Matters begin on a soft note with an unassuming intro that calms the listener before opening track “Dissolve” segues into grinding heaviness. Cog aren’t grind, mind you. It’s just the impression given by the pummeling grooves and percussion they mix with vocalist Yagi Olaguera’s rumbling howls. Furious uptempo thrash takes charge at “Promethean” and the song zips by in what seems like a matter of seconds before the aching twists and hypnotic vocal melodies of “This Means War” commence. By the time the album sounds as if it were a single piece of music divided into a dozen parts, a wonderful interlude spares our ears further damage and it’s here where guitarist and producer Eric Perlas flexes his talent for droning ambience. “The Sky Is Falling” has this unmistakable industrial feel to it and distracts the listener long enough for the rest of the guys in the band to catch their breath.

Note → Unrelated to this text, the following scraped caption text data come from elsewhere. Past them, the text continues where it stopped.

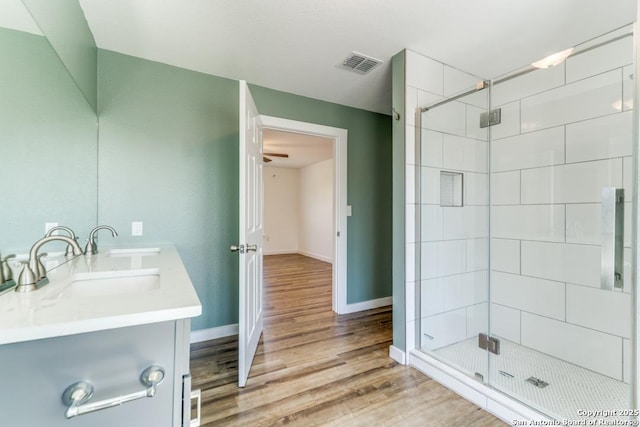 full bathroom featuring a sink, wood finished floors, a shower stall, and visible vents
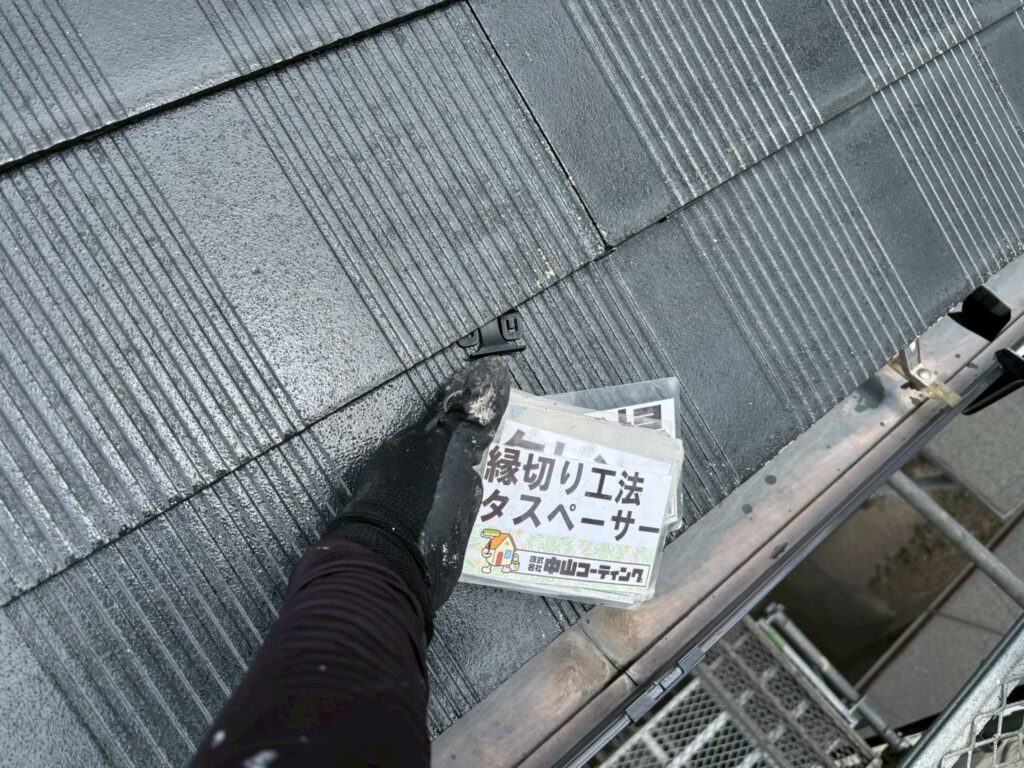 スレート屋根材の重なり部分にタスペーサーを挿入しています。屋根材同士の適切な隙間を確保し、雨水の排出経路を確保するための工程です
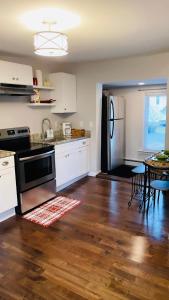 cocina con armarios blancos y nevera negra en Cargo7 Cozy suites2, en North Providence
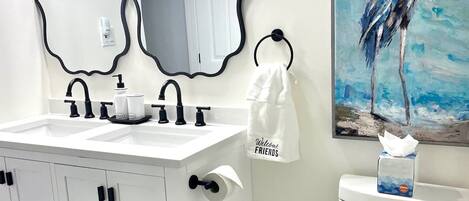 A bathroom with a white vanity, a toilet, a trash can, and a painting of a bird on the wall.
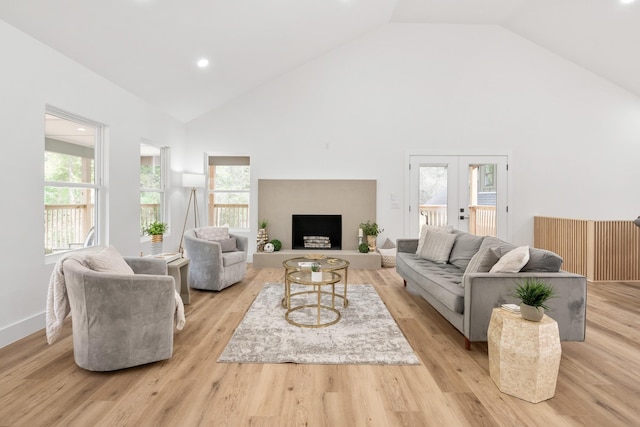 living room featuring a healthy amount of sunlight, french doors, high vaulted ceiling, and light hardwood / wood-style flooring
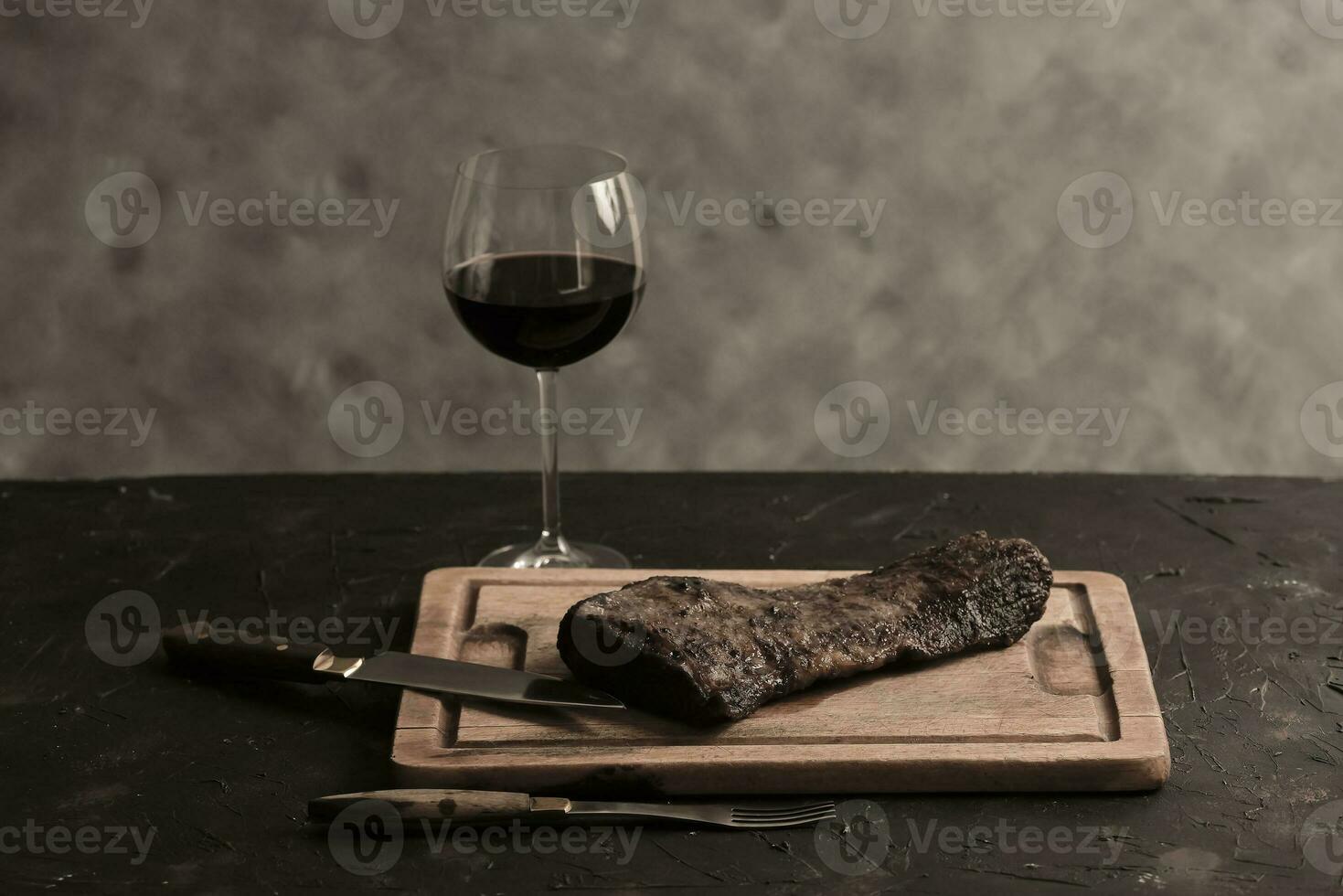 Roasted beef ribs with a glass of red wine presented on the table, traditional Argentine cuisine, Asado barbecue, Patagonia, Argentina. photo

Unraveling like a story, “Culling” peaks at the three song combo of “The Onus,” “Calliope,” and “I Am the Storm.” By the time “From These Ashes” rolls in the album is on a downward spiral, its climax having erupted in a choir-driven mess that just as easily dies and meanders on the outro “Congeal.” A weird, satisfying release that really doesn’t belong anywhere, whether it’s the odd samples and the inclusion of a saxophone into the band’s repertoire, Cog have buried so many surprises inside their new album. It should be the biggest incentive to check these Filipinos out; they’ve executed a unique work of art and it will take serious concentration to discern its details.